• [Task statement] Could you give the data below again exactly, apart from the pictures?

• [Data shown]

******

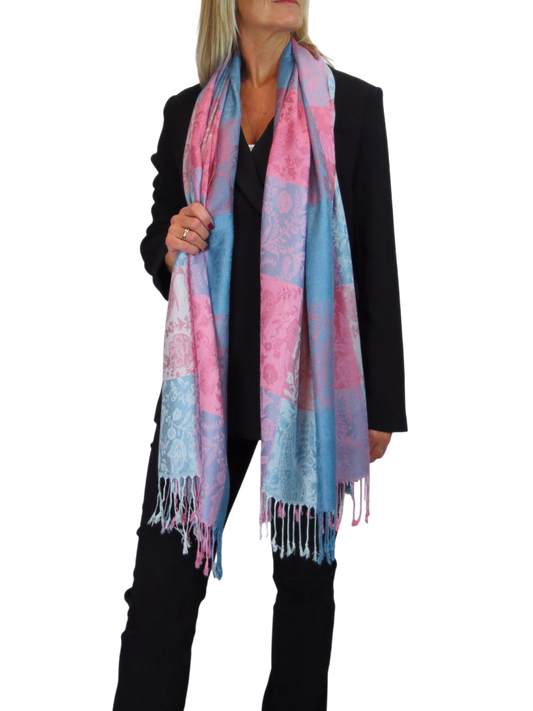 Paisley Pashmina Style Scarf Wrap Pink
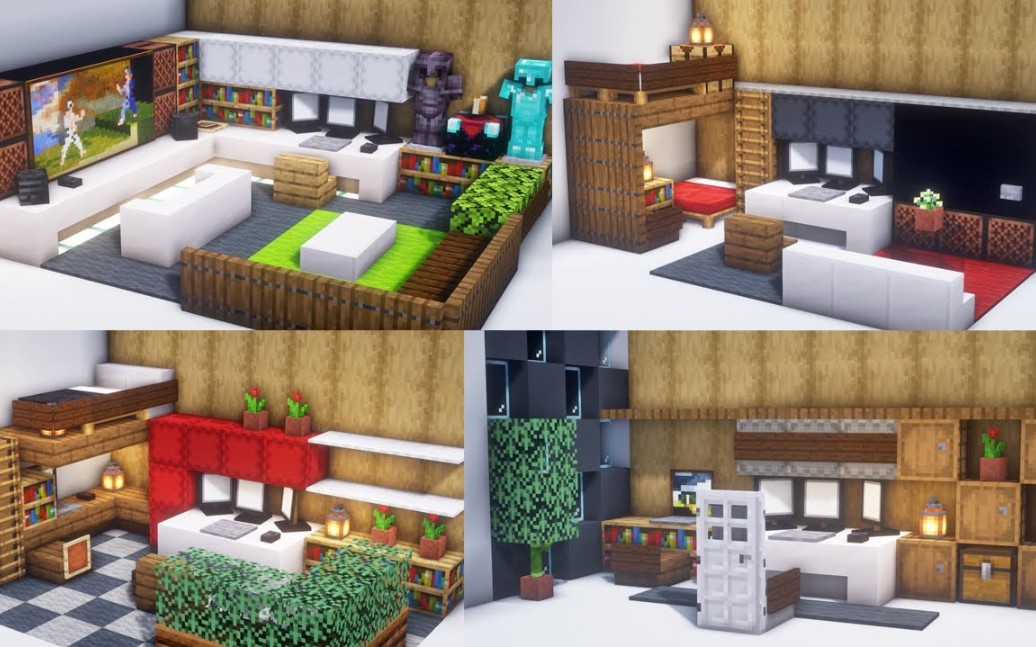 【minecraft】几种卧室简易设计!(6tenstudio)
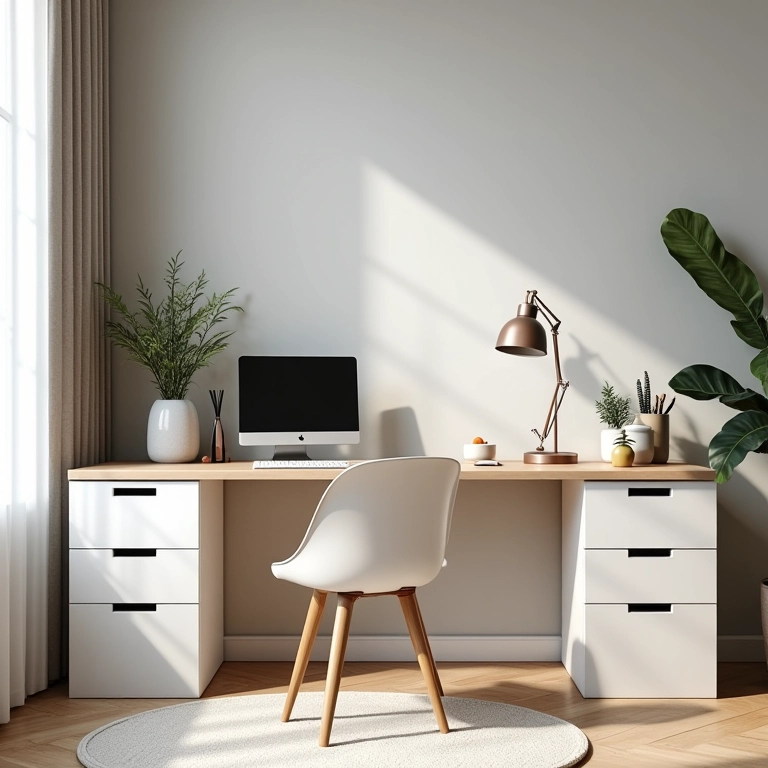 Home office minimalista com mesa funcional e soluções de armazenamento inteligentes.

******

• [Exercise result]
 Paisley Pashmina Style Scarf Wrap Pink
 【minecraft】几种卧室简易设计!(6tenstudio)
 Home office minimalista com mesa funcional e soluções de armazenamento inteligentes.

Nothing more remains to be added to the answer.